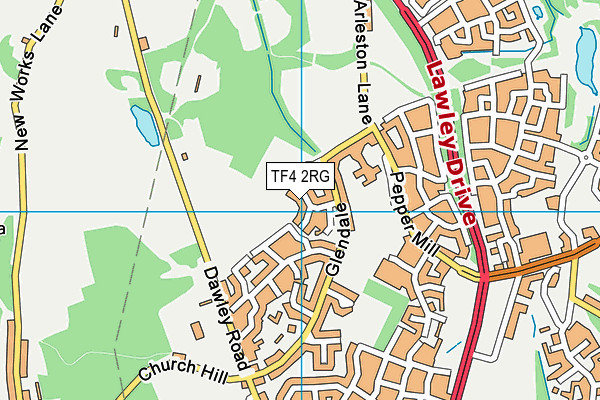 TF4 2RG map - OS VectorMap District (Ordnance Survey)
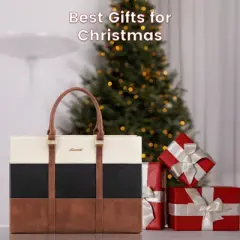 Laptop Bag for Women, 15 Inch Work Bags for Women, Vintage Leather Laptop Tote Bag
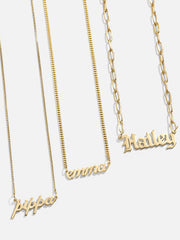 14K Gold Custom Nameplate Necklace - Gold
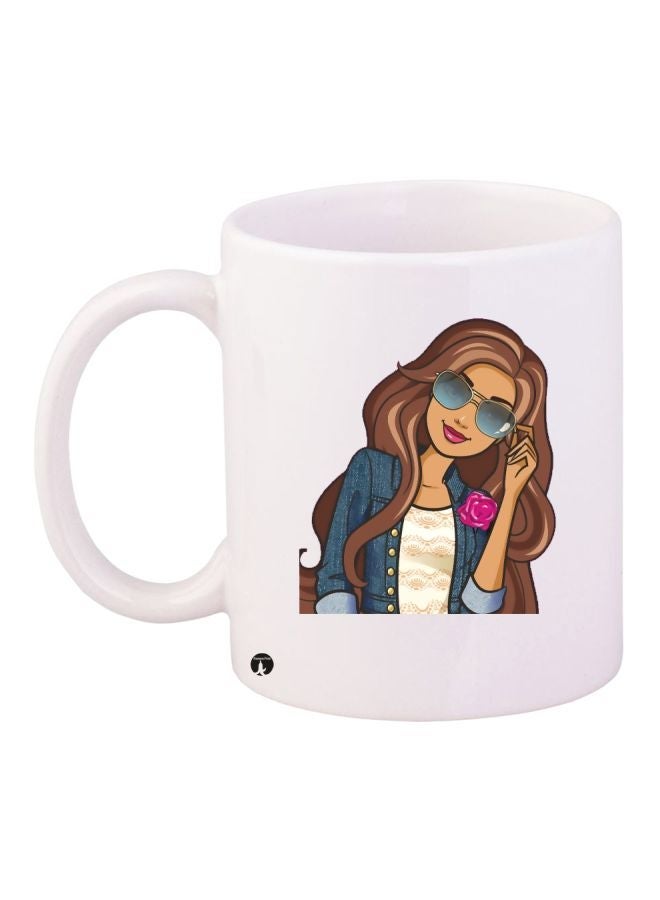 RYN Cartoon Girl Printed Coffee Mug White/Brown/Blue 11ounce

→ YOUR ASSIGNMENT
Begin at the line containing "Laptop Bag for" and write out every line to the end of the data exactly. Skip the pictures.

→ RESULT FOR THIS TASK
 Laptop Bag for Women, 15 Inch Work Bags for Women, Vintage Leather Laptop Tote Bag
 14K Gold Custom Nameplate Necklace - Gold
 RYN Cartoon Girl Printed Coffee Mug White/Brown/Blue 11ounce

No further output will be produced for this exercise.